Worked for me perfectly well over a few-week period. It made the most sense given the nodes share the same database, why shouldn’t they all act like one server? However, longer-term testing (and bullet-proof backups) is absolutely required. What I did was a PoC, not a recommendation.

Nope, in fact that seems to be how it was designed. Optionally make use of the authentication requirement to deter other users on the LAN from snooping, even if it is stored plaintext it can be a deterrent.

Ok. I’m again on a single MariaDB instance.

I’m now wondering how to reach my goal: being able to shutting down the master database with nobody noticing it.
I searched and I haven’t found anything like galera master-slave setup, it seems that galera is master-master ONLY, am I right?
Searching another master-slave setup I found a lot of documentation but I’m still asking myself what’s the simplest master-slave setup with an automatic failover.

It seems to me that MariaDB have a tool called “replication manager” that can be installed on a third host and can provide a master switchover or failover. Not bad, but not enought as I understood.
The remaining piece of my puzzle is something that can detect which node has the master role and point all the writes to it, and I thought it can be maxscale with a floating IP running with keepalived.

It seems to me “a bit” complex, I had configured a galera master-master setup in minutes, and for a less “advanced” master-slave setup it seems weird to have all this software required (replication manager, maxscale, keepalived
), isn’t it?

Am I missing something?

No indeed, the NC docs repeatedly talk about Galera but in a master-slave capacity for which there doesn’t appear to be a valid configuration option.

Master-slave with failover is equally not well documented from what I can see online, though the tools you mention will help.

@LukasReschke @nickvergessen @jospoortvliet can any of you shed light on this? Why is Galera mentioned in the docs if master-master seems to be the only valid config and NC doesn’t support it? Will NC support it in the future? [quote=“aventrax, post:27, topic:12863”]
Am I missing something?
[/quote]

No, Galera is frighteningly simple to set up.

I believe a working setup would require “a SQL-Proxy for read/write splitting” - I know the TU berlin has that as this is their description of their setup:

tubIT employs a setup with F5 Big IP Load Balancers ahead of a number of web application servers. Data is stored on a GPFS storage system. The database is on a Galera MySQL cluster using a SQL-Proxy for read/write splitting, in LXD containers managed with OpenStack. File locking and session management is provided using Redis, also on LXD managed with OpenStack. Authentication is handled through LDAP and Kerberos.
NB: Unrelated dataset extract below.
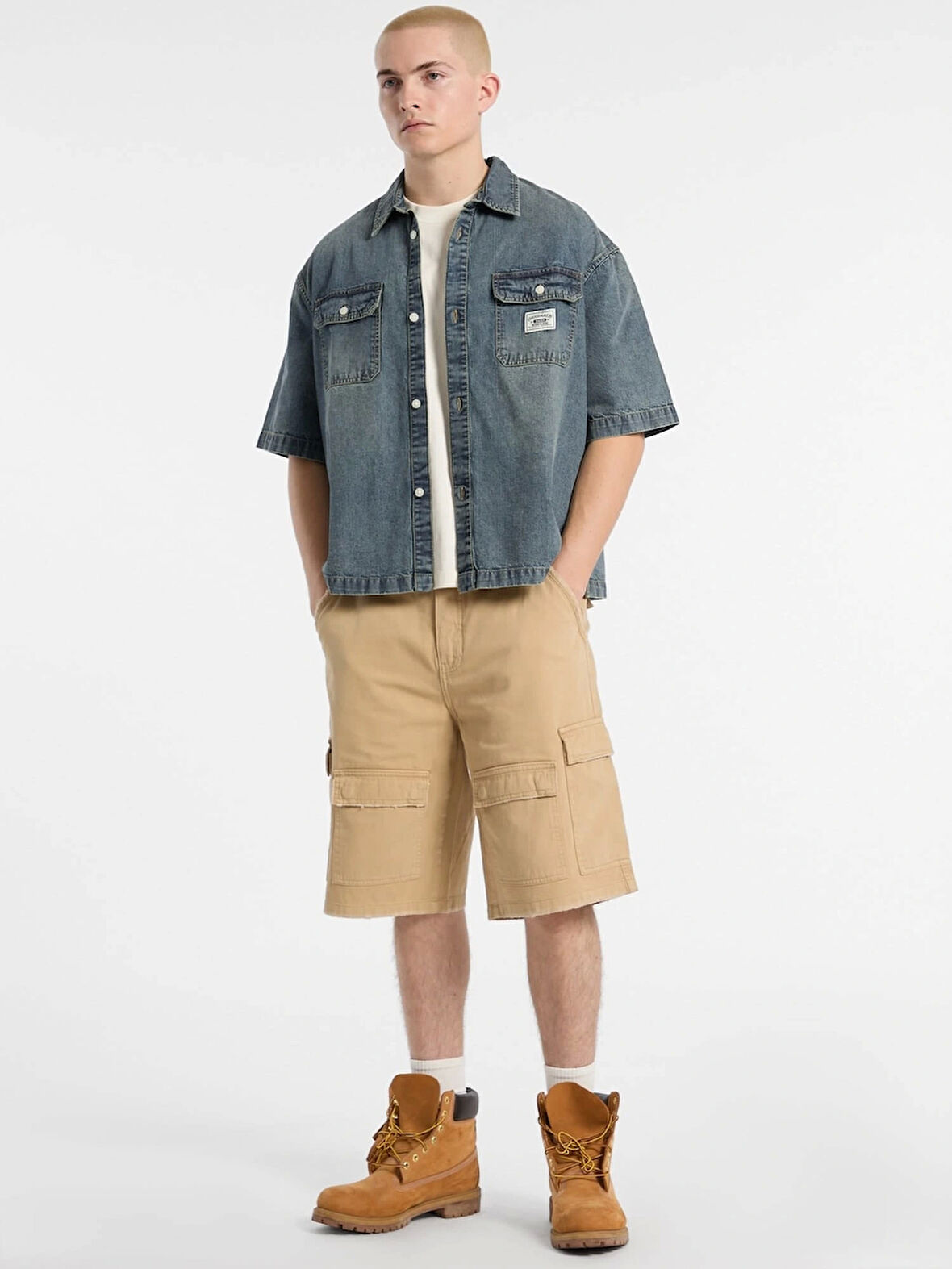 Guess Erkek Mavi Boxy Denim Kısa Kollu Gömlek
The TU currently uses 4 application servers running a LNMP (Linux/NGINX/MySQL/PHP) stack with PHP 5.6 on CentOS 7.3. Further application servers are running the DFN-Cloud instances. A locally replicated LDAP instance runs on each of the application servers. Each server has about 16 virtual CPU cores with 18GB RAM.
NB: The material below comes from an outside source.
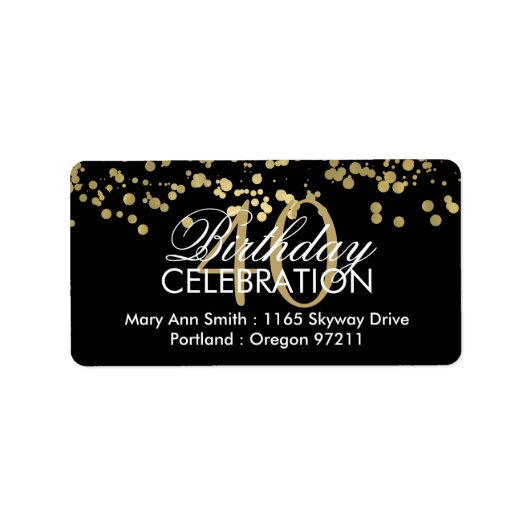 Adres 40th Birthday Gold Foil Confetti Etiket (Voorkant)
The Galera cluster employs 3 container with 32-core cpus and 128GB ram each. Its performance is very critical to the performance of the overall cloud. To serve more incoming queries the number of instances can be increased, however every new instance increases the resources required to synchronize within the cluster, limiting scalability.

The GPFS cluster is load balanced between four GSS nodes to improve response times and provide failover.

(text from a case study I’m working on, hopefully coming out in a week or two)

I put it between “” as I have no idea what I’m even saying but perhaps Jason does :wink:

The SSL proxy is fine and I understand why you’d use one for a clustered system (the deployment recommendations also suggest using one). However there again Galera is mentioned. The only Galera I’ve seen is master-master which apparently both is and isn’t supported due to:

Then:

Master-Slave doesn’t appear to be available for Galera, but then also:

Emphasis mine. If Galera is master-master only, what are the docs referring to?

Honestly, I’m lost, I don’t know the details here. @MorrisJobke I know you’re on holiday but when you’re back perhaps you can enlighten Jason :wink:

Note that this whole Galera stuff is of course for larger installations so our docs might not be super up to date - we have some internal docs we share with customers.

Can I get those please? I’d love to get a PoC v.2 up and running on solid foundations. I can sign an NDA (on the docs, obviously methods would be revealed on a documented build) if required.

I honestly don’t know exactly where they are or even if it’s mostly in people’s head - I’m entirely not involved in that stuff, I just know we help customers with this and assume it is written down. Really would need Morris or maybe @MariusBluem to chip in :wink:

2 Likes

@MorrisJobke and @MariusBluem would you guys like to chip in please? :slight_smile:

2 Likes

For the read-write split you need a MaxScale proxy :wink: And the galera cluster needs to be in master-slave mode with the masters receiving the writes and the slave(s) the reads.

Does this help you?

No sorry :frowning: Galera is master-master and explicitly states that in the (MariaDB) Galera docs, so I don’t understand where the master-slave piece comes into it.

1 Like

Ah right - it is master-master, but we need to make it a somehow master-slave (slave as in “handles only reads”) by the MaxScale proxy. :wink: